Council chiefs agree over Llanelli care home ‘privatisation’

COUNCIL chiefs have agreed St Paul’s care home in Llanelli should shut in what opponents called a “bitter wind of change”.

Only an unexpected rebellion by Independent or Labour councillors when full council is asked to ratify the decision could stop the home closing now Carmarthenshire Council’s executive board has recommended it go.

But the executive board did give more time to the larger Caemaen home, agreeing to keep it open while the option of handing the home over to an independent care provider was pursued.

Council chiefs argue success at enabling more people to stay in their own homes longer means there are now too many empty care home spaces and the council faces higher costs providing for those who do need care who suffer from more complex conditions, such as dementia.

Council leader Meryl Gravell said: “We have too many care homes. We are wasting a million pounds of taxpayers’ money and we haven’t got sufficient elderly mentally infirm places for these people.”

And she said more modern places were needed that allowed everyone the same quality of room.

But Stephanie Williams, secretary of campaign group Residents Against Care Home Closures, called the recommendations to close St Paul’s and “privatise” Caemaen care homes “a bitter wind of change”.

Mrs Williams accepted change was needed to meet the increasing costs of elderly care but said it was necessary to take a measured view for people who cannot look after themselves.

“We cannot allow them to be left lonely, frightened or waiting for hours for food, a drink, to be washed or to be got out of their bed in their own homes because of a lack of money,” she said.

The two sides have also clashed over the number of empty care home beds and “transfer trauma”.

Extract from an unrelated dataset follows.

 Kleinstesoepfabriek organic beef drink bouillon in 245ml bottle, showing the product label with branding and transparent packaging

Councillor Pat Jones, executive board member for social care, has claimed people were “forming their opinions without being fully aware of the current situation” and has accused the campaign group of putting out misleading information about the number of empty bed spaces in Llanelli.

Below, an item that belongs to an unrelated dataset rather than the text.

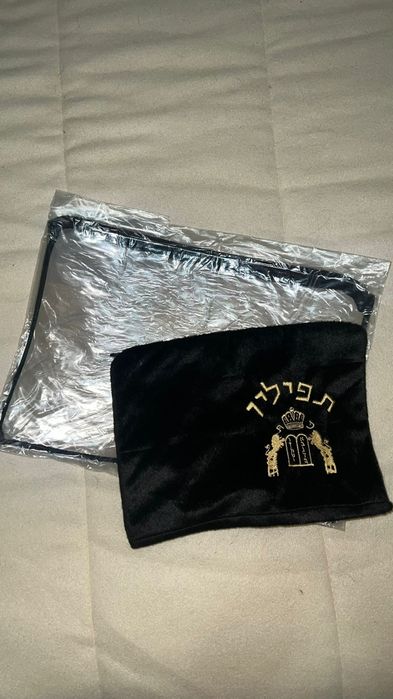 Bolsa Tefilin de Veludo + Porta Tefilin Transparente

Mrs Jones said the council can accommodate St Paul’s residents.

Mrs Williams said it was “insulting to these elderly people to dismiss their anxieties” and suggested the council appeared to be counting vacancies at St Paul’s and Caemaen when calculating empty beds.

The council says it has 19 empty spaces in Llanelli and there are 30 empty beds in the independent sector.

It later confirmed all its empty beds were at Caemaen and St Paul’s, 16 of them at St Paul’s and three at Caemaen.